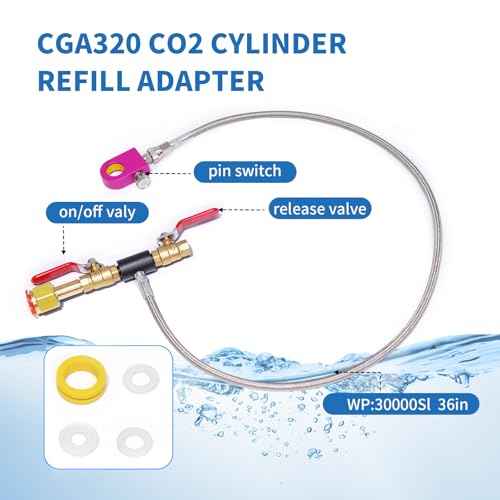CO2 Refill Adapter Kit ? CGA320 Quick Fill Connector for 60L Pink Cylinders, Save 80% on Gas Costs!Compatible with DUO/Terra/Art Machines (Includes 36 Inch Hose)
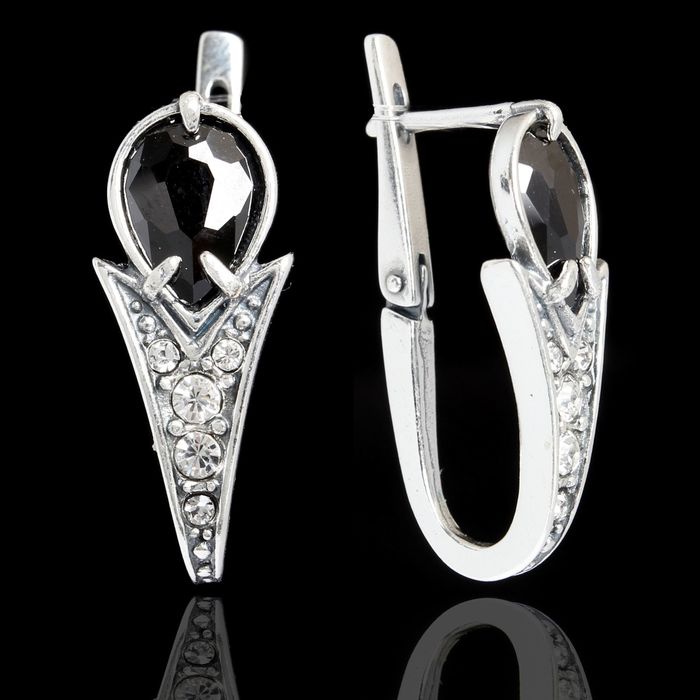 Серьги "Фюрн", цвет чёрный в чернёном серебре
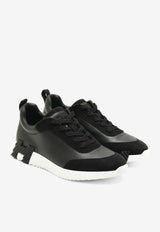 Bouncing Low-Top Sneakers in Black Calfskin and Suede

* _Exercise description_: Please retype the data exactly as it appears, but without any of its pictures.

* _Solution for this problem_:
CO2 Refill Adapter Kit ? CGA320 Quick Fill Connector for 60L Pink Cylinders, Save 80% on Gas Costs!Compatible with DUO/Terra/Art Machines (Includes 36 Inch Hose)
 Серьги "Фюрн", цвет чёрный в чернёном серебре
 Bouncing Low-Top Sneakers in Black Calfskin and Suede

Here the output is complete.